REQUIRED WORK: Repeat exactly the lines from the line containing "Áo thun SUXI" to the last line of the listing, including both.

EXTRACTED DATA:
━━━━━━

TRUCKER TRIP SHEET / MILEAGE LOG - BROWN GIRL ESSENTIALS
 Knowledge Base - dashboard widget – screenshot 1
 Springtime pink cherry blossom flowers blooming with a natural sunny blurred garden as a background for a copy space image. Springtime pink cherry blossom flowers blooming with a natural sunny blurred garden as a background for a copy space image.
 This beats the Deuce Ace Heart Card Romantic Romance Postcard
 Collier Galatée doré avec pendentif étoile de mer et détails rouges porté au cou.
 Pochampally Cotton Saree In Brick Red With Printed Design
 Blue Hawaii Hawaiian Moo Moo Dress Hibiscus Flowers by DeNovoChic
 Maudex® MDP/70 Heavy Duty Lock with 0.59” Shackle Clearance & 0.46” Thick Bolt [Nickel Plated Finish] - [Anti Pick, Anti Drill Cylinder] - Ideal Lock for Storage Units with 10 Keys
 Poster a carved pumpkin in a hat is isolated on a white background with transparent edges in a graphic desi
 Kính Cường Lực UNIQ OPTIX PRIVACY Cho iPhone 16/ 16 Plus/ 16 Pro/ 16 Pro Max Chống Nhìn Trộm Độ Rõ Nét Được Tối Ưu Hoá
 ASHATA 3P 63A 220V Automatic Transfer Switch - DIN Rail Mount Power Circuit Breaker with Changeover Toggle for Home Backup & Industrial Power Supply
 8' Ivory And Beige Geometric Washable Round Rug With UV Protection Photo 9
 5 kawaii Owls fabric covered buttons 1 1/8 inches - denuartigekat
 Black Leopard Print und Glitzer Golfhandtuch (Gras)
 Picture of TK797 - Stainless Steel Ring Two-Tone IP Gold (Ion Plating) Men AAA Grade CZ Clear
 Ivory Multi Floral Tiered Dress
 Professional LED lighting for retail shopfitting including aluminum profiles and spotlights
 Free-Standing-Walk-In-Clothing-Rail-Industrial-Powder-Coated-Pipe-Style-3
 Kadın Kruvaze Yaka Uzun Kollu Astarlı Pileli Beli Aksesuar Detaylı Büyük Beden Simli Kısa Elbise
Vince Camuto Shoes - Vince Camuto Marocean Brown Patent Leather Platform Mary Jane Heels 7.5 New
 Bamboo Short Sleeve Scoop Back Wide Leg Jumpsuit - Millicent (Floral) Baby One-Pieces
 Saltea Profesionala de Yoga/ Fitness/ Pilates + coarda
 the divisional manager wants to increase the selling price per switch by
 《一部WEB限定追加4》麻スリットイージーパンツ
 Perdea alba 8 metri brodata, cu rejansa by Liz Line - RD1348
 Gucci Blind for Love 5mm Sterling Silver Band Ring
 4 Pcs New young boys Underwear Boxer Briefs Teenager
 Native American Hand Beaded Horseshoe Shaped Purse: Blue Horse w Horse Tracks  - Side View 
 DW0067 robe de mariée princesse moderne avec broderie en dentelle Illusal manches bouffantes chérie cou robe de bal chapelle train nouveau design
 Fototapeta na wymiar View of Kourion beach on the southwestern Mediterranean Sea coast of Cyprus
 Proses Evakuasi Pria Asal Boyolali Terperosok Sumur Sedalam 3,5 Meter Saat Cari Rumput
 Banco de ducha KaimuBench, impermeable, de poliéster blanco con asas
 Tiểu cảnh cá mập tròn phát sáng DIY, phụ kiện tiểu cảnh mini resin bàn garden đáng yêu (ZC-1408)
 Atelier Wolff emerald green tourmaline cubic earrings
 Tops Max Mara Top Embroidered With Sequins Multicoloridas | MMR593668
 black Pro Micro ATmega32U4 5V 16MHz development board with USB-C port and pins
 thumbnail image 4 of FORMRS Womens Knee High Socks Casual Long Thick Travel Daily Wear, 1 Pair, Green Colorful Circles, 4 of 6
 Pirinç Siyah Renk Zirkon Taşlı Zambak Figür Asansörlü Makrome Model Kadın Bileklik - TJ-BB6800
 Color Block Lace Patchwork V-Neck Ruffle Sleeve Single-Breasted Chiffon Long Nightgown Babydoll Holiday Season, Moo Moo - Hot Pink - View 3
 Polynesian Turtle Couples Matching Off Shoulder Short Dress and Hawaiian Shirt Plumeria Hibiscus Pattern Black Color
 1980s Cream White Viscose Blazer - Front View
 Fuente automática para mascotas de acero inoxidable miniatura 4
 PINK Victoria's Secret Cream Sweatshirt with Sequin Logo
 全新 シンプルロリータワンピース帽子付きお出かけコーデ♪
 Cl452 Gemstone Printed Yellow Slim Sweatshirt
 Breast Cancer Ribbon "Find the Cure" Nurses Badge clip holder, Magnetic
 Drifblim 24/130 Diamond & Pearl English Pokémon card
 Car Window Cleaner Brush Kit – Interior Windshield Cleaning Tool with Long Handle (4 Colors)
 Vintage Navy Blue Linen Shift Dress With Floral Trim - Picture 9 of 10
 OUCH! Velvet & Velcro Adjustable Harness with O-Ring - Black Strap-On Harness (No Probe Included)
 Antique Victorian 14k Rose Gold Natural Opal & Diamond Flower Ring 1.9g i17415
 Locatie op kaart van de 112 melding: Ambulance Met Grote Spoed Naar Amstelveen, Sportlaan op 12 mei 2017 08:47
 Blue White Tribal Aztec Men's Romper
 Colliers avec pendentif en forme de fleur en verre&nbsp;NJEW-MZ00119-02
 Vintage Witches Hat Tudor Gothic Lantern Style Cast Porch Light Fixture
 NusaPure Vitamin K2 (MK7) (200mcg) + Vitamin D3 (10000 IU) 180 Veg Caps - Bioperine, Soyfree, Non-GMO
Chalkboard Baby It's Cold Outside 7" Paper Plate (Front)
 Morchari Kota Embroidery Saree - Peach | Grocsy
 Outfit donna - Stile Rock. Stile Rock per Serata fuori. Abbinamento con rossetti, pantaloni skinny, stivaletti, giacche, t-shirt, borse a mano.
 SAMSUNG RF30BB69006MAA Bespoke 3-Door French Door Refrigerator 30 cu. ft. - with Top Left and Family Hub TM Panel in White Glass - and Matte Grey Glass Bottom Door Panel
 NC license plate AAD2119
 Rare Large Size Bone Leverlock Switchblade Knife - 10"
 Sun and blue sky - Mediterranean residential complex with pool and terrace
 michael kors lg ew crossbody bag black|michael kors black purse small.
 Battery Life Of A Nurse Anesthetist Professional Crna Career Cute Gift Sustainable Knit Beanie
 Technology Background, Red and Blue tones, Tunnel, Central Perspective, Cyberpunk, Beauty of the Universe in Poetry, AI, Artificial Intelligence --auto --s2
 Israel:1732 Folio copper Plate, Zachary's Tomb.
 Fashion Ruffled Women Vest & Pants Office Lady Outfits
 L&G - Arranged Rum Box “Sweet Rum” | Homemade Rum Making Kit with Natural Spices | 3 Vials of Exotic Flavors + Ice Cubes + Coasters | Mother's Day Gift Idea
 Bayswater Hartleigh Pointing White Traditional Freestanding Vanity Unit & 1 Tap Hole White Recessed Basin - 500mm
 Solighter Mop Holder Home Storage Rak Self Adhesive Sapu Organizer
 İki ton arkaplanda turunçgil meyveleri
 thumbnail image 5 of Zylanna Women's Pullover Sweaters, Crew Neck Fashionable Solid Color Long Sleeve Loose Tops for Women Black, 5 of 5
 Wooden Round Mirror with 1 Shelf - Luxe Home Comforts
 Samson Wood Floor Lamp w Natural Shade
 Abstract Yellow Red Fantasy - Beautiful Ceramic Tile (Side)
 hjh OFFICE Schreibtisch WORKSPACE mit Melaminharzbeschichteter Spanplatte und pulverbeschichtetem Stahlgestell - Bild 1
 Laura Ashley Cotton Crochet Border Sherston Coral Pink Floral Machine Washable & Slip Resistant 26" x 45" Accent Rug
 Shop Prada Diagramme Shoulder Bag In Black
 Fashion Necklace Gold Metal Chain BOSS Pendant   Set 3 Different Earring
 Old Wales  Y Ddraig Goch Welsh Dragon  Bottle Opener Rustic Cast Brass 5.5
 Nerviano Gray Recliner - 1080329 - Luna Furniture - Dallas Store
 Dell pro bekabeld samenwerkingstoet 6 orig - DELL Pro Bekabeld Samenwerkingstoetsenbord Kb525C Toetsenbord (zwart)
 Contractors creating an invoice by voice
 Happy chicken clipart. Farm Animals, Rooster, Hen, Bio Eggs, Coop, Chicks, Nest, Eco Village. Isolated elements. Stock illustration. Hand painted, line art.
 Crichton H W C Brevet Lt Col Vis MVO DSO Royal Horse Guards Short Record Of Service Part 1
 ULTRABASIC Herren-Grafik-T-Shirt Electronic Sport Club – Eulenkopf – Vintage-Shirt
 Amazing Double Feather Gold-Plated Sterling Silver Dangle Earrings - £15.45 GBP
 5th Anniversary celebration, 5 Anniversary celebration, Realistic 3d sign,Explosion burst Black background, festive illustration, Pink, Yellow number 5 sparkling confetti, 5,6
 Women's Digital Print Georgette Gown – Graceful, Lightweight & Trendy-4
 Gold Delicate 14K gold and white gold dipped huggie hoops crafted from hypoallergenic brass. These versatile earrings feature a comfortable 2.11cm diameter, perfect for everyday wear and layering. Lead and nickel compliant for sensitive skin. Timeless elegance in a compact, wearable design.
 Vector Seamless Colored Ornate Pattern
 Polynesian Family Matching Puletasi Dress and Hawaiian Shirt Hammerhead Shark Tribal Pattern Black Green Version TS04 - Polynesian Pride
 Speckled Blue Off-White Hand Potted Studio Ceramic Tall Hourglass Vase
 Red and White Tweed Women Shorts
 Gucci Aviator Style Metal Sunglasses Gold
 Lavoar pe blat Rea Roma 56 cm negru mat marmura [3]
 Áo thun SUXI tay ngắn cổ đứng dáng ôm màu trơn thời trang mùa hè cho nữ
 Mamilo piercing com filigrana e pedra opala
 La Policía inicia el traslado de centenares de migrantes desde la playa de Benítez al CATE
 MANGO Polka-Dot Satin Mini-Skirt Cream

━━━━━━

RESPONSE TO THE TASK:
 Áo thun SUXI tay ngắn cổ đứng dáng ôm màu trơn thời trang mùa hè cho nữ
 Mamilo piercing com filigrana e pedra opala
 La Policía inicia el traslado de centenares de migrantes desde la playa de Benítez al CATE
 MANGO Polka-Dot Satin Mini-Skirt Cream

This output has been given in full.